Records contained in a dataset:
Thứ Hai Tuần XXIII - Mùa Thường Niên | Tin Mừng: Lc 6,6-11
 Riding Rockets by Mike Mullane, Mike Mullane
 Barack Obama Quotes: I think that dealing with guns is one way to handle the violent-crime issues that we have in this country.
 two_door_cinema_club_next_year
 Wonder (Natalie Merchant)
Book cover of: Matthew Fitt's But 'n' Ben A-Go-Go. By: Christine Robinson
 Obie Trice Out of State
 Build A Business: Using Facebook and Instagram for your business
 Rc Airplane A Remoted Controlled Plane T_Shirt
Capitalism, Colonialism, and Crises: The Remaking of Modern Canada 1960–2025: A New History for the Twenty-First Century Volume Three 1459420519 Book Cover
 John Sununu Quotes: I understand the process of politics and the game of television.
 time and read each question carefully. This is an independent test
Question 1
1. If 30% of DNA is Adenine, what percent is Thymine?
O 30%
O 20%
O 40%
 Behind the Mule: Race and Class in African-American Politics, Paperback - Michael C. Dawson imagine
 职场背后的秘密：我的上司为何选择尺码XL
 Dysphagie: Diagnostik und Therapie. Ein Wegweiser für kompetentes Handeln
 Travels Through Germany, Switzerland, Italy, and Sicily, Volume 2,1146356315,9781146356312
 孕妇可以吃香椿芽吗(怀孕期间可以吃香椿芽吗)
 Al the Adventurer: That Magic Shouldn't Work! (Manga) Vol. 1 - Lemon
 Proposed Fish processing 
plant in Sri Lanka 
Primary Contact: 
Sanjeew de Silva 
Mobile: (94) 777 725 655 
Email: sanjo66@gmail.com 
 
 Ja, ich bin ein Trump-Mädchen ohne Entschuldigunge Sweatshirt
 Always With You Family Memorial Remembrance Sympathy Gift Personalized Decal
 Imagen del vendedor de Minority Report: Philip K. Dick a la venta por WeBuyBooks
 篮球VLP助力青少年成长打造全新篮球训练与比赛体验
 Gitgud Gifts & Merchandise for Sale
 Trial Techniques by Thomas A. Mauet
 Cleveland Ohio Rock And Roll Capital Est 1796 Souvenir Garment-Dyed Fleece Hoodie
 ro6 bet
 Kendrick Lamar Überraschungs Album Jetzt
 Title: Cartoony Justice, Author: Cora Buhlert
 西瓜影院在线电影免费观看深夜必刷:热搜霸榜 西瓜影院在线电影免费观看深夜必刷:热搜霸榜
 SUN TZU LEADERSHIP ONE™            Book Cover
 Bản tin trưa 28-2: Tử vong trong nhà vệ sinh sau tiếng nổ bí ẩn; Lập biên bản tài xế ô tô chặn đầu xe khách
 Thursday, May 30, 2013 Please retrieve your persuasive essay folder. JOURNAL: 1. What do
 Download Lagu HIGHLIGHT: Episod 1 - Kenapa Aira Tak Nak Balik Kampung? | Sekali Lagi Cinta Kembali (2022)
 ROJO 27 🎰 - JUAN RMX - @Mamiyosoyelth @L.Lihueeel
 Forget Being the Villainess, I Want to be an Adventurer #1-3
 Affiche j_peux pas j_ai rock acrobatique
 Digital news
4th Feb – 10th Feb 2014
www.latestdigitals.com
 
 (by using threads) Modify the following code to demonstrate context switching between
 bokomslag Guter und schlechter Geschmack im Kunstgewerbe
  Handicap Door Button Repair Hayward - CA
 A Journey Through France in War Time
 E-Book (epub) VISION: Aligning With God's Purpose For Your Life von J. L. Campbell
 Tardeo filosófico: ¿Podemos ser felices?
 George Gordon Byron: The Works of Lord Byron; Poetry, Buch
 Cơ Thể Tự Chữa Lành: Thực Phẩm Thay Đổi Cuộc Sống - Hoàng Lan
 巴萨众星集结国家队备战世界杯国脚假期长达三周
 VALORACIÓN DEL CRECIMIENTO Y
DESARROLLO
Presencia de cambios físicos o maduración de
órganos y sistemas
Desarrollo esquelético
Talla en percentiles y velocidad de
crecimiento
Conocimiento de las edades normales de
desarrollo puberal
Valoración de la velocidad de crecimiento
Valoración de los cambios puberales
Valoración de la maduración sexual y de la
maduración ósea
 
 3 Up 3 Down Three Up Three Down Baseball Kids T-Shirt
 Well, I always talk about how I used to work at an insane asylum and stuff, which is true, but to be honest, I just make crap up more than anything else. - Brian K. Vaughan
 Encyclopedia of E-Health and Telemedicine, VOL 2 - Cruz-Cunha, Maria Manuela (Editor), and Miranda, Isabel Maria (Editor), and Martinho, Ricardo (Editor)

**EXERCISE**.
Please reproduce, exactly as they appear above, the lines from the line containing "Imagen del vendedor" up to and including the line containing "Title: Cartoony Justice, Author: Cora".

**RESPONSE AREA**.
 Imagen del vendedor de Minority Report: Philip K. Dick a la venta por WeBuyBooks
 篮球VLP助力青少年成长打造全新篮球训练与比赛体验
 Gitgud Gifts & Merchandise for Sale
 Trial Techniques by Thomas A. Mauet
 Cleveland Ohio Rock And Roll Capital Est 1796 Souvenir Garment-Dyed Fleece Hoodie
 ro6 bet
 Kendrick Lamar Überraschungs Album Jetzt
 Title: Cartoony Justice, Author: Cora Buhlert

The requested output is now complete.